Instructions for the task
Please transcribe the data that follows without the pictures, keeping every word the same.

Supplied data
▬▬▬▬▬▬
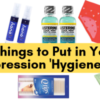 12 Things to Put in Your Depression 'Hygiene Kit'
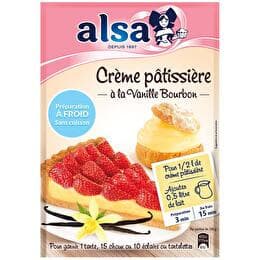ALSA Crème pâtissière à froid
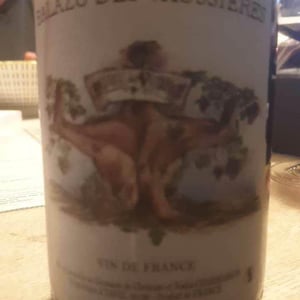 Cuvée Mauve - Balazu des Vaussières - christian-nadia-charmasson -2016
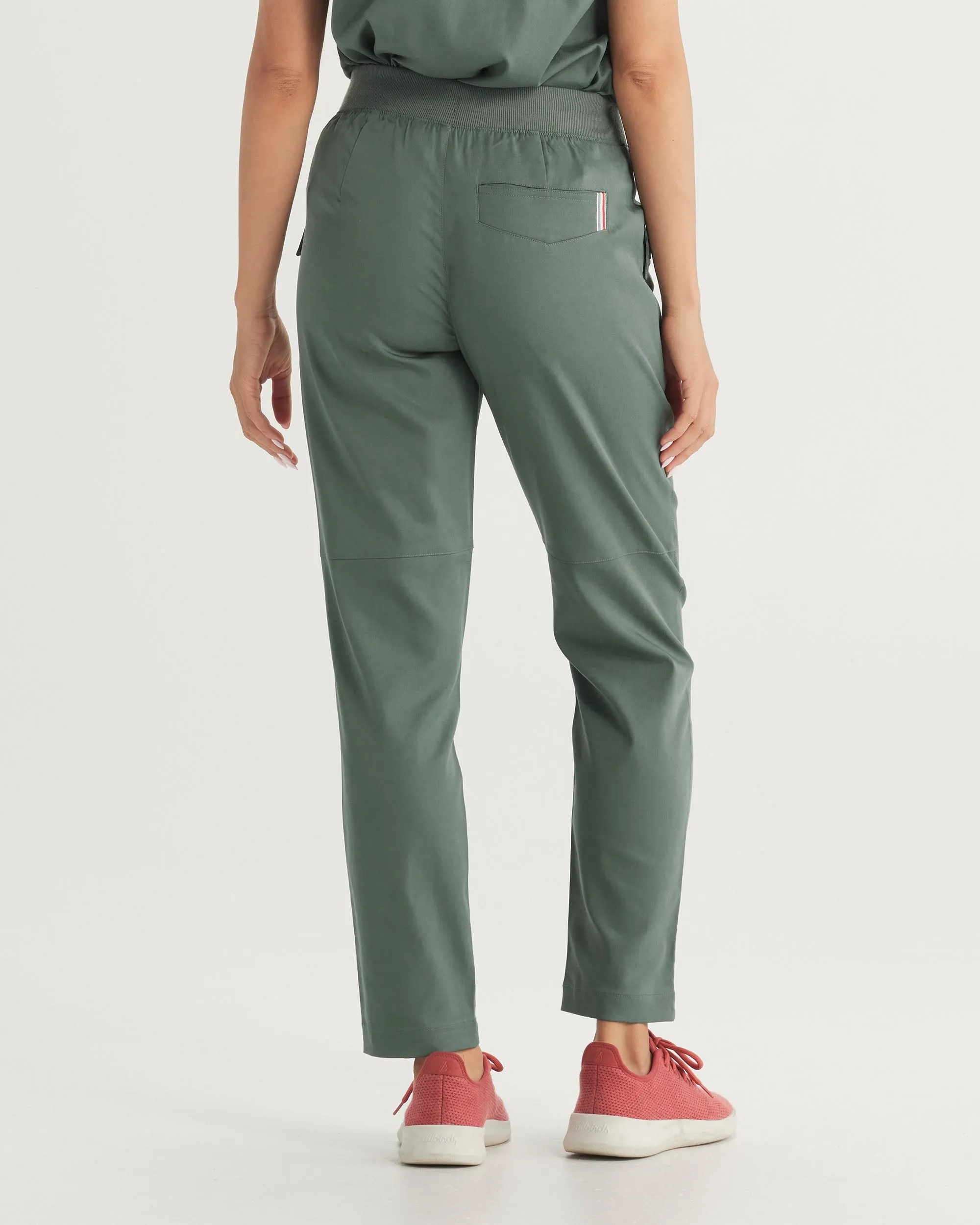 TENCEL™ Moana ‎ Tapered Scrub Pants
▬▬▬▬▬▬
Reply
 12 Things to Put in Your Depression 'Hygiene Kit'
ALSA Crème pâtissière à froid
 Cuvée Mauve - Balazu des Vaussières - christian-nadia-charmasson -2016
 TENCEL™ Moana ‎ Tapered Scrub Pants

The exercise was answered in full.